Thursday, June 12, 2003  
Hyperdrama on the Internet
[from a memoir in progress, which began on 4/13/03]
But there proved to be a fringe alternative to a playwriting career in New York: writing hyperdrama for the Internet. Here one had access to a worldwide audience with a new form of theater that fit the Internet perfectly because hyperdrama scripts were written in hypertext, the same language that created pages on the World Wide Web. Reading a hyperdrama script on the Internet became an interactive, engaging experience as it never could become within the linear restraints of the traditional book.

My first experience with hyperdrama on the Internet was in 1996 when I wrote a one-act hyperdrama for Andres Espejo and his theater group Prisma in Santiago, Chile. I’d met Andres after he sent me an email, asking for permission to translate one of my earlier hyperdramas into Spanish. As we exchanged ideas, we decided it would be better to collaborate on a new, short hyperdrama specifically written for his theater company.

Through the summer we met weekly in a chat room as I developed the story with Andres and Prisma. Espejo knew English well. When I finished the script, called The Last Song of Violeta Parra, he translated it into Spanish. Both versions were put on the Internet, where they remain today and often get accessed.

In the meantime, I had been working on my most ambitious hyperdrama project yet, the one I hoped would bring respect to the form. I decided to write a hyerdrama version of Chekhov’s The Seagull. To own the full rights, I first drew on my Russian background to translate the play, which took me several years. Then I began the very long process of writing all the new scenes for Chekhov’s actors when they were “off stage,” which is to say, off somewhere else in the estate when not on “Chekhov’s stage.”

I finished The Seagull Hyperdrama in summer, 2002, and put it online immediately. From start to finish, the project had taken me ten years.

Did I bring respect to the new theater form? I have no idea. Will I write another hyperdrama? I doubt it. I’m not sure I have the energy.

But from the moment Steve Smith commissioned my first hyperdrama, I became fascinated by, perhaps even addicted to, this layered, complex way of telling a story in live performance. Through most of the 1990s, this was the primary focus of my writing energy. I wouldn’t have missed the ride for anything in the world.

In retrospect, perhaps my fondest hyperdrama experience was not on the Internet at all but in the classroom. In the late 1980s I was a writer-in-residence at the prestigious private school Catlin Gabel in Portland, where I guided eight seniors through the process of conceiving, writing, and performing their own one-hour hyperdrama. These kids were brilliant. The form did not intimidate them at all. On the contrary, hyperdrama brought out their best writing, and they collaboratively created a layered play full of wit, surprises, intelligence and fun.

Their central story concerned a new headmaster at the school who was determined to make French the official language at Catlin Gabel. A group of students work to make sure this doesn’t happen. Within the play a short film was shown, which they wrote and shot themselves, a hilarious spoof on the school’s own recruiting film.

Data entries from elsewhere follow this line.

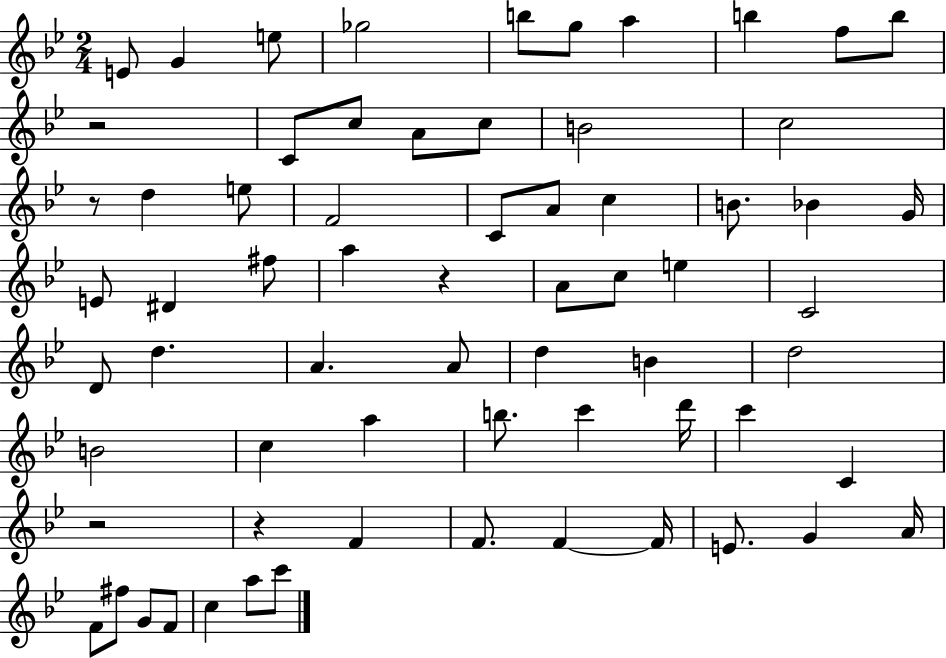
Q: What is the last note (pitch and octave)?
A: C6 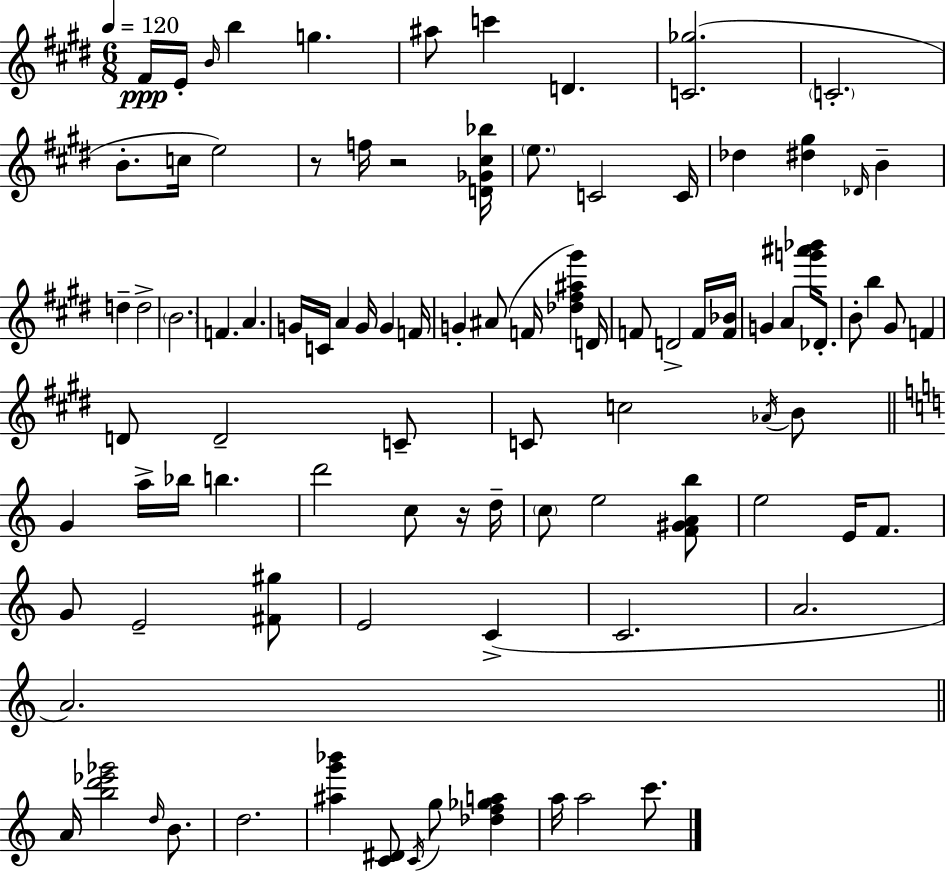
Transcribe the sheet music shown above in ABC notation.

X:1
T:Untitled
M:6/8
L:1/4
K:E
^F/4 E/4 B/4 b g ^a/2 c' D [C_g]2 C2 B/2 c/4 e2 z/2 f/4 z2 [D_G^c_b]/4 e/2 C2 C/4 _d [^d^g] _D/4 B d d2 B2 F A G/4 C/4 A G/4 G F/4 G ^A/2 F/4 [_d^f^a^g'] D/4 F/2 D2 F/4 [F_B]/4 G A [g'^a'_b']/4 _D/2 B/2 b ^G/2 F D/2 D2 C/2 C/2 c2 _A/4 B/2 G a/4 _b/4 b d'2 c/2 z/4 d/4 c/2 e2 [F^GAb]/2 e2 E/4 F/2 G/2 E2 [^F^g]/2 E2 C C2 A2 A2 A/4 [bd'_e'_g']2 d/4 B/2 d2 [^ag'_b'] [C^D]/2 C/4 g/2 [_df_ga] a/4 a2 c'/2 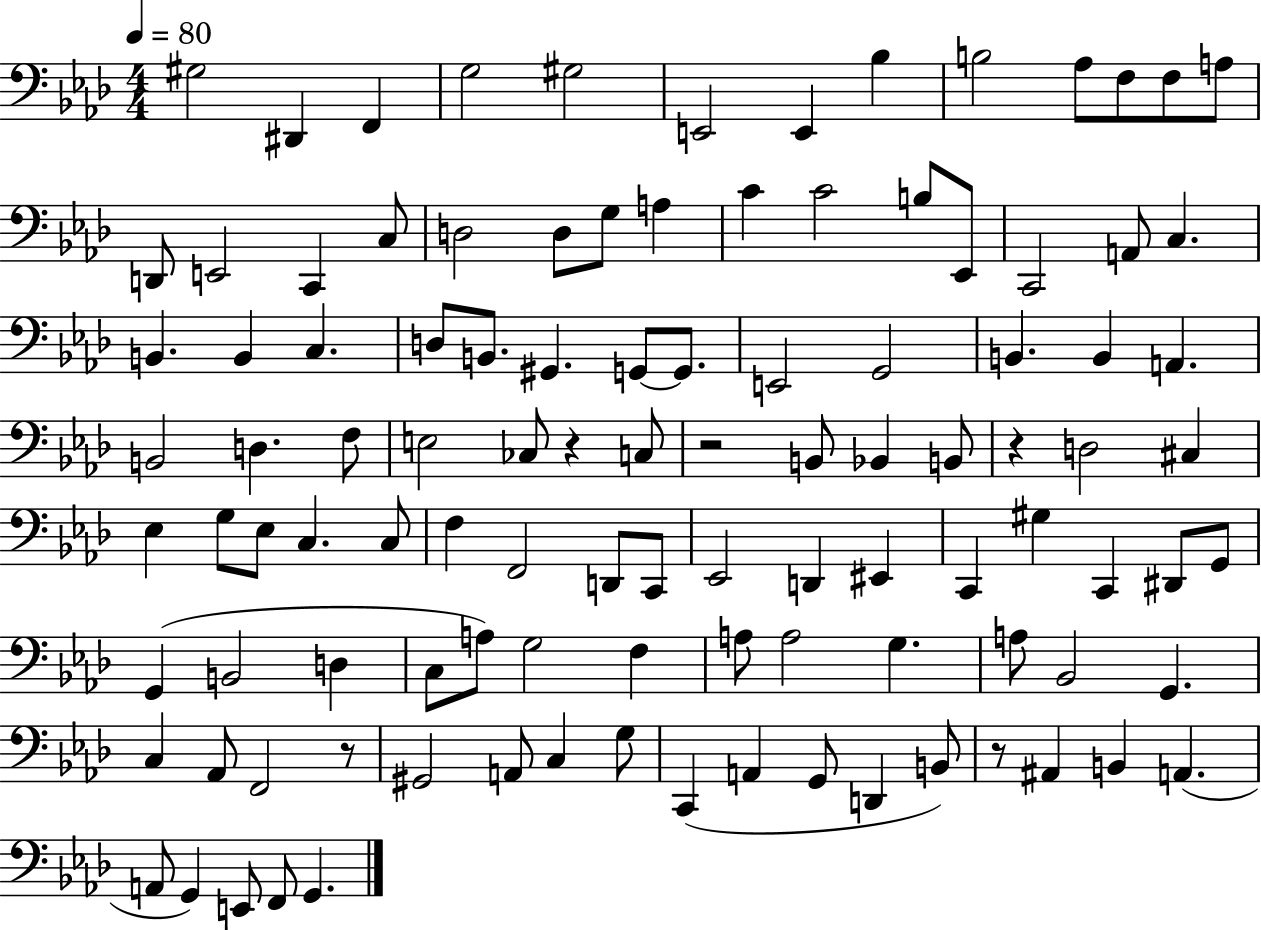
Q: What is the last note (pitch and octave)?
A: G2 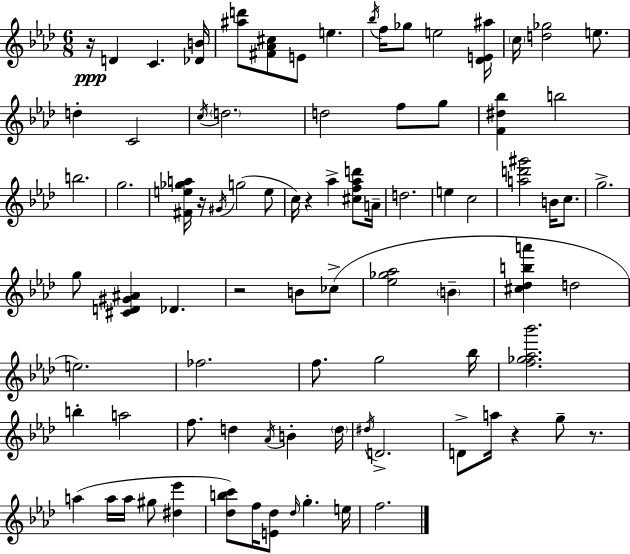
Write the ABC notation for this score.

X:1
T:Untitled
M:6/8
L:1/4
K:Fm
z/4 D C [_DB]/4 [^ad']/2 [^F_A^c]/2 E/2 e _b/4 f/4 _g/2 e2 [_DE^a]/4 c/4 [d_g]2 e/2 d C2 c/4 d2 d2 f/2 g/2 [F^d_b] b2 b2 g2 [^Fe_ga]/4 z/4 ^G/4 g2 e/2 c/4 z _a [^cf_ad']/2 A/4 d2 e c2 [ad'^g']2 B/4 c/2 g2 g/2 [^CD^G^A] _D z2 B/2 _c/2 [_e_g_a]2 B [^c_dba'] d2 e2 _f2 f/2 g2 _b/4 [f_g_a_b']2 b a2 f/2 d _A/4 B d/4 ^d/4 D2 D/2 a/4 z g/2 z/2 a a/4 a/4 ^g/2 [^d_e'] [_dbc']/2 f/4 [E_d]/2 _d/4 g e/4 f2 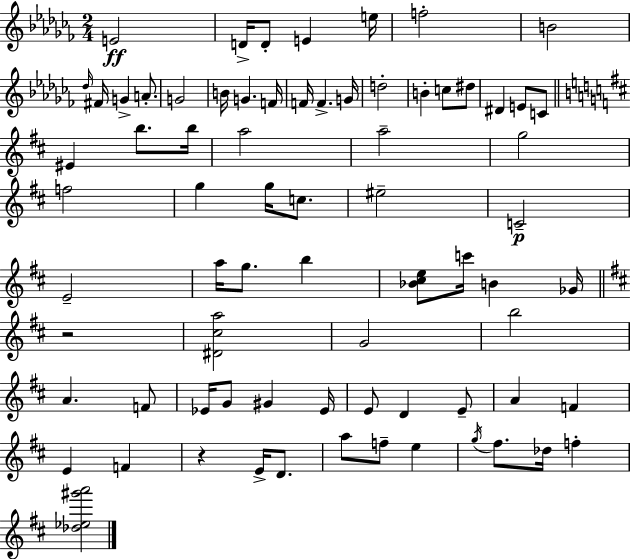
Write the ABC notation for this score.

X:1
T:Untitled
M:2/4
L:1/4
K:Abm
E2 D/4 D/2 E e/4 f2 B2 _d/4 ^F/4 G A/2 G2 B/4 G F/4 F/4 F G/4 d2 B c/2 ^d/2 ^D E/2 C/2 ^E b/2 b/4 a2 a2 g2 f2 g g/4 c/2 ^e2 C2 E2 a/4 g/2 b [_B^ce]/2 c'/4 B _G/4 z2 [^D^ca]2 G2 b2 A F/2 _E/4 G/2 ^G _E/4 E/2 D E/2 A F E F z E/4 D/2 a/2 f/2 e g/4 ^f/2 _d/4 f [_d_e^g'a']2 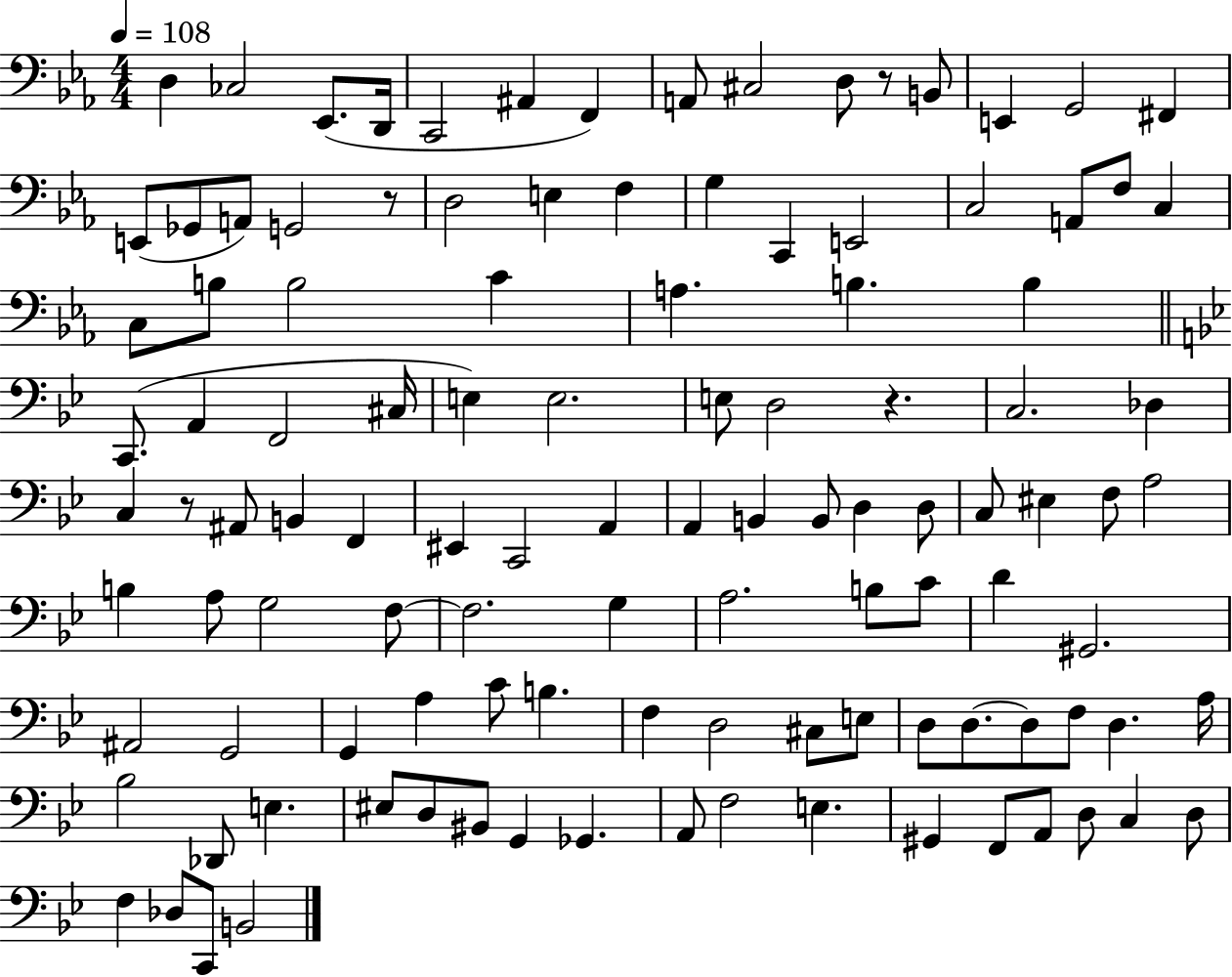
{
  \clef bass
  \numericTimeSignature
  \time 4/4
  \key ees \major
  \tempo 4 = 108
  d4 ces2 ees,8.( d,16 | c,2 ais,4 f,4) | a,8 cis2 d8 r8 b,8 | e,4 g,2 fis,4 | \break e,8( ges,8 a,8) g,2 r8 | d2 e4 f4 | g4 c,4 e,2 | c2 a,8 f8 c4 | \break c8 b8 b2 c'4 | a4. b4. b4 | \bar "||" \break \key bes \major c,8.( a,4 f,2 cis16 | e4) e2. | e8 d2 r4. | c2. des4 | \break c4 r8 ais,8 b,4 f,4 | eis,4 c,2 a,4 | a,4 b,4 b,8 d4 d8 | c8 eis4 f8 a2 | \break b4 a8 g2 f8~~ | f2. g4 | a2. b8 c'8 | d'4 gis,2. | \break ais,2 g,2 | g,4 a4 c'8 b4. | f4 d2 cis8 e8 | d8 d8.~~ d8 f8 d4. a16 | \break bes2 des,8 e4. | eis8 d8 bis,8 g,4 ges,4. | a,8 f2 e4. | gis,4 f,8 a,8 d8 c4 d8 | \break f4 des8 c,8 b,2 | \bar "|."
}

Catlin Gabel encourages individual, even eccentric, behavior, and one girl was so independent she chose not to participate in the collaboration of the script. Finally we found a way in which she agreed to participate. She was a poet, and we let her wander randomly through the action, reciting her poetry, costumed in a white sheet and looking very ethereal, representing the Spirit of Catlin Gabel.

The short hyperdrama was a great success with their classmates, although perhaps some of the parents were a little bewildered by the performance. When I saw the enthusiasm of the students in putting together the piece, and in their classmates in watching it, I knew that hyperdrama had a future.

This future may still belong to the Internet, given the fact that hyperdrama is so difficult to produce live. Or the Internet may be the holding cell where the new form can grow and win converts. I’ve never believed hyperdrama was just a fad. I still don’t.